It has been a rocky road for Williams Companies (NYSE:WMB) and its master limited partnership, Williams Partners (NYSE:WPZ), over the past couple of months. Not only are investors anxious that Williams Companies' merger with Energy Transfer Equity (NYSE:ET) might fall through, but they are worried about a growing number of risks facing Williams Partners. Needless to say, they have a lot of questions that Williams needs to address when it reports earnings later this week.
1. Are there any changes to the plan?
Williams Companies' current plan is to merge with Energy Transfer Equity in a stock and cash deal. It's a transaction that Williams' board of directors announced just last month that it was unanimously committed to completing with Energy Transfer Equity's board reportedly just as committed to closing the deal.

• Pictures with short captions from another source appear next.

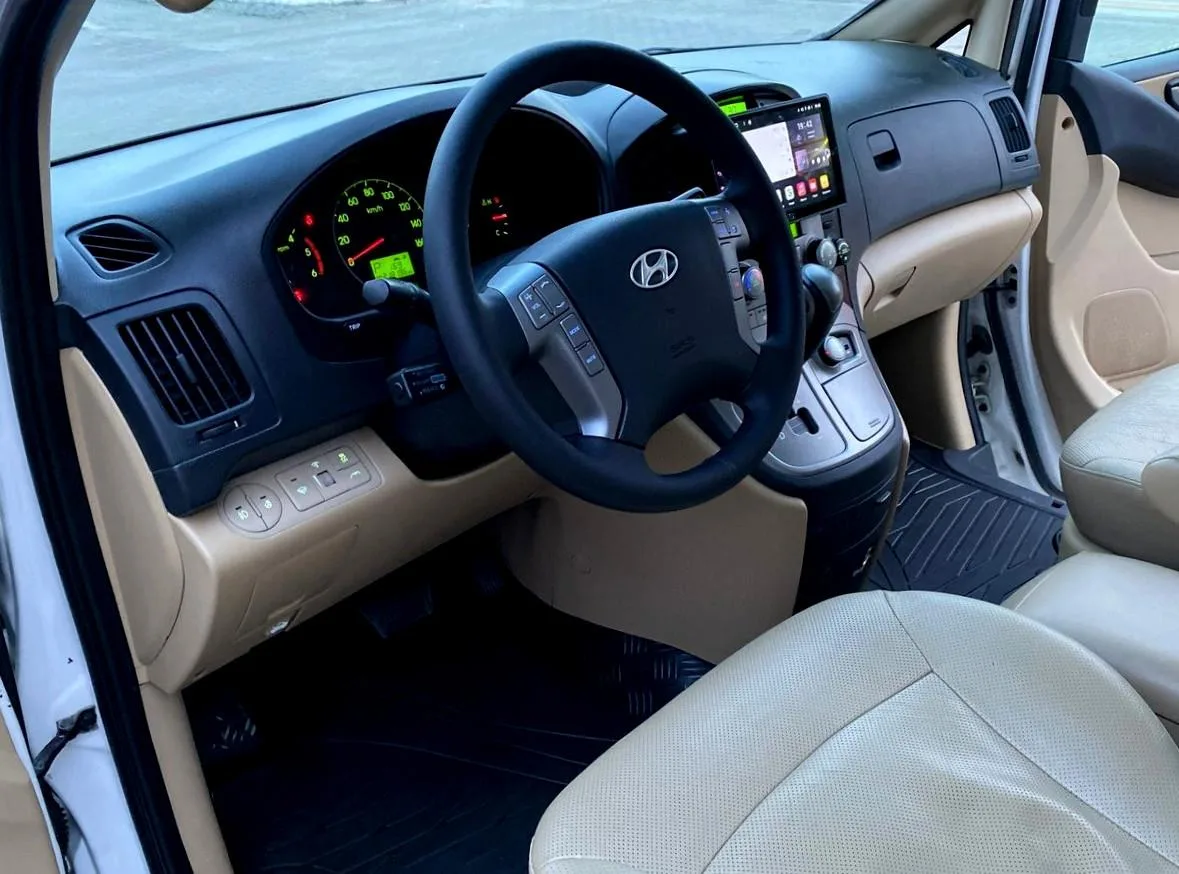 Hyundai Grand Starex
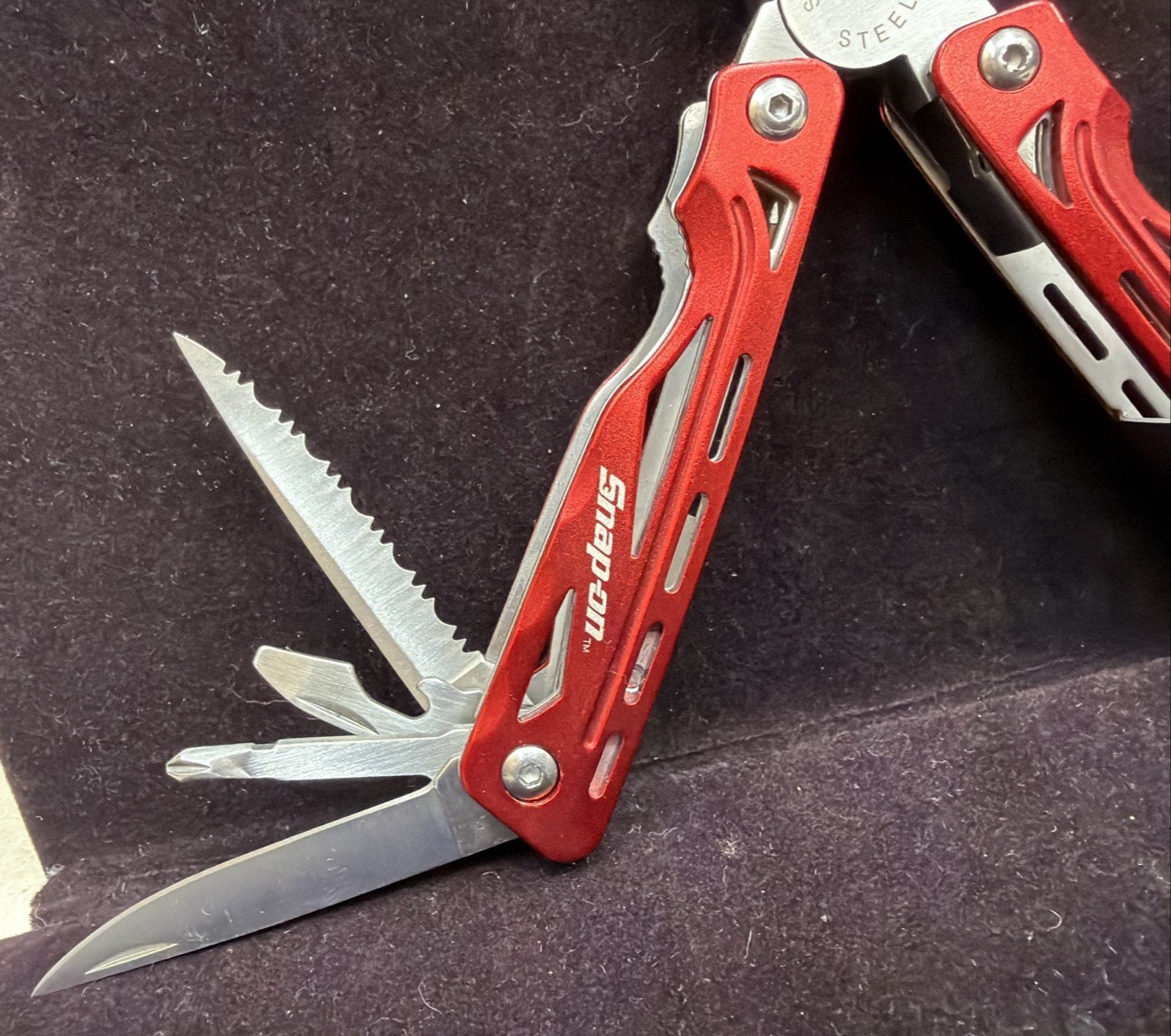 Snap On Red 9-in-1 Stainless Steel Easy Grip Multi-Tool With Sheath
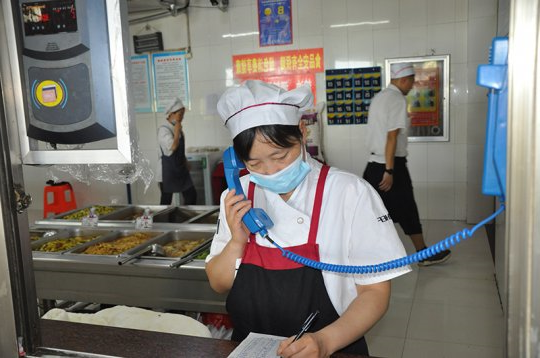 花园煤矿：开通一线职工“订餐专线”获点赞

Despite that commitment, the market isn't so sure the deal will close at the agreed-upon price because of the significant deterioration in the energy market as well as rising risks at Williams Partners. Because of these renewed concerns, investors want to know if the deal is still on track or if it's at risk of being derailed.
2. Has the impact of commodity prices worsened?
One of the specific concerns facing Williams Partners is the fact that it does have some exposure to commodity prices. We saw that last quarter when Williams Partners' adjusted EBITDA was affected by a $68 million hit from lower NGL margins after NGL prices remained at a 10-year low. That said, the company as able to overcome that impact, in fact adjusted EBITDA rose by $204 million, or 18%, year over year due primarily to higher fee-based revenue from new assets going into service. Still, investors are concerned about the impact from lower commodity prices and want to see that it isn't worsening.
3. Is Williams Companies seeing more shut-in volumes?
In addition to the impact lower commodity prices directly have on Williams margins, those prices are also impacting volumes because producers are shutting in uneconomic production. On Williams' third-quarter conference call, it noted that it had 900 million cubic feet per day of natural gas volumes shut-in in the Northeast. Given that commodity prices have continued to weaken, investors will want to know if the company is seeing any additional production shut-ins and if these shut-ins are having an impact on cash flow.
4. Is Williams concerned about its counterparty?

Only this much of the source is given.